→ INFORMATION SHOWN
□ □ □
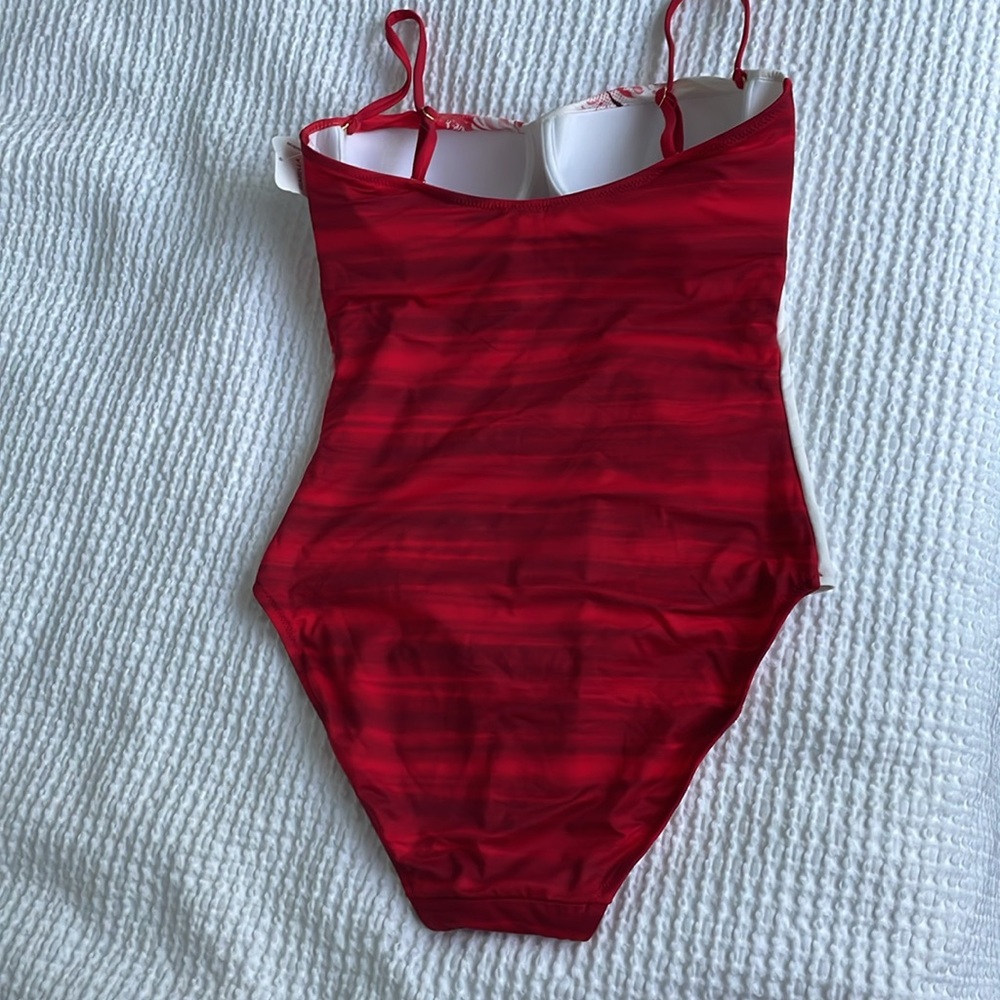 Bathing suit - Picture 2 of 6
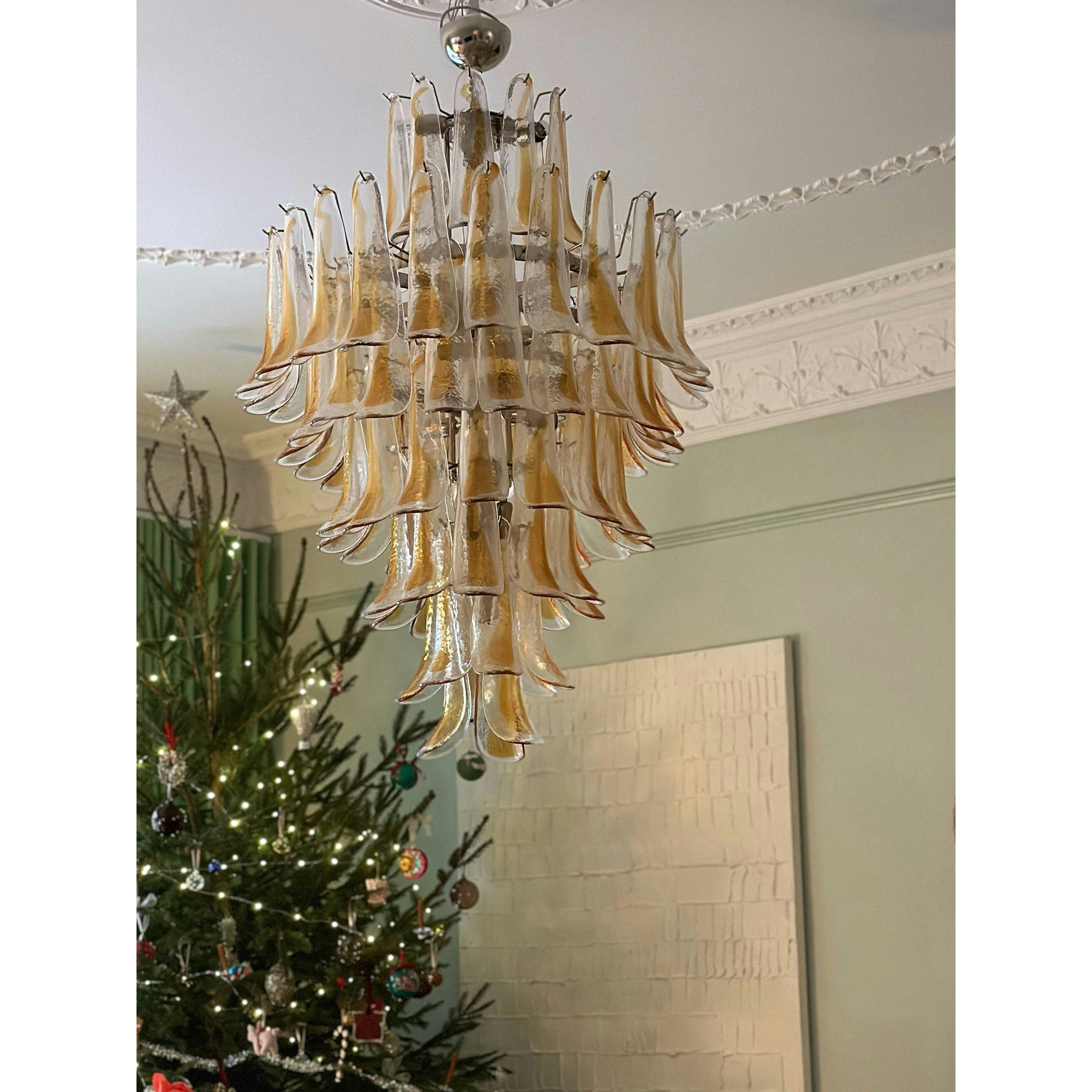 Zinc Postmodern Luxury Petal Glass Metal Chandelier - Lamp Copper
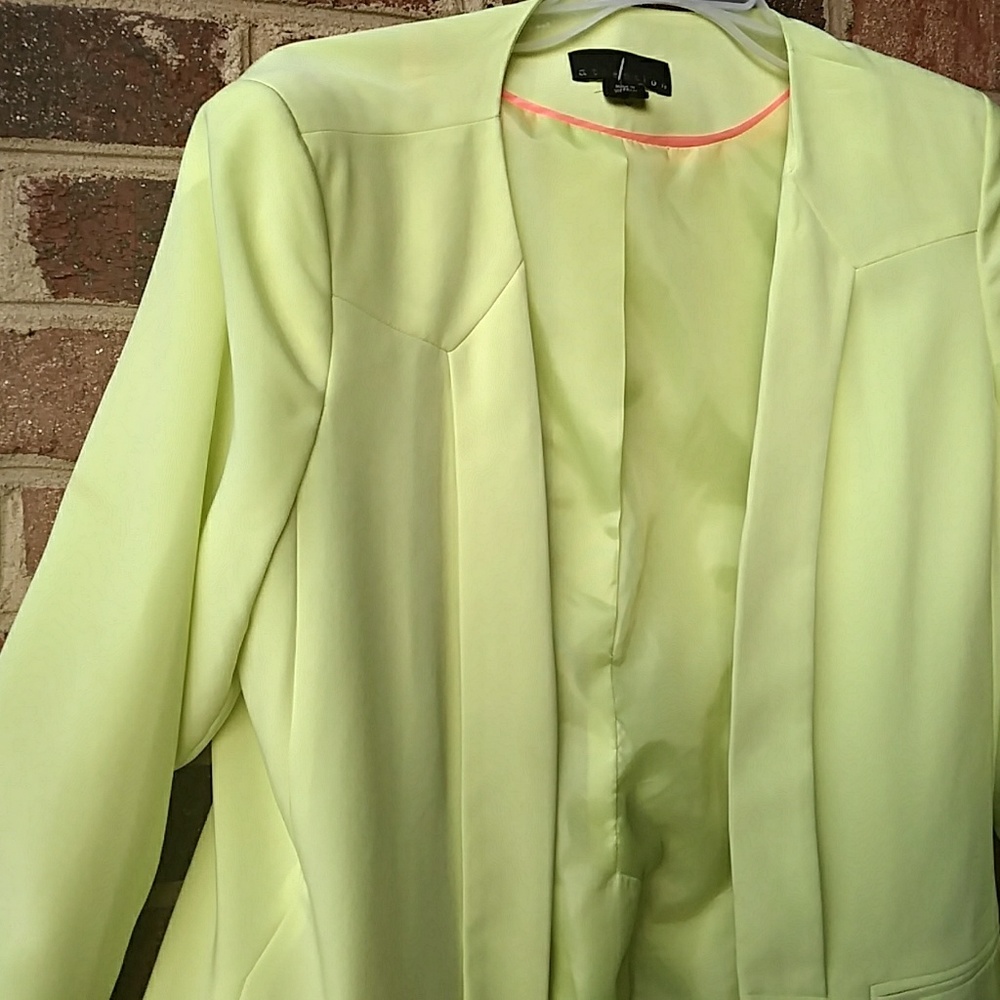 💚SOLD💚Attention Neon Green Blazer - Picture 3 of 8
□ □ □
Write out the listing above exactly as it stands, pictures excluded.

 Bathing suit - Picture 2 of 6
 Zinc Postmodern Luxury Petal Glass Metal Chandelier - Lamp Copper
 💚SOLD💚Attention Neon Green Blazer - Picture 3 of 8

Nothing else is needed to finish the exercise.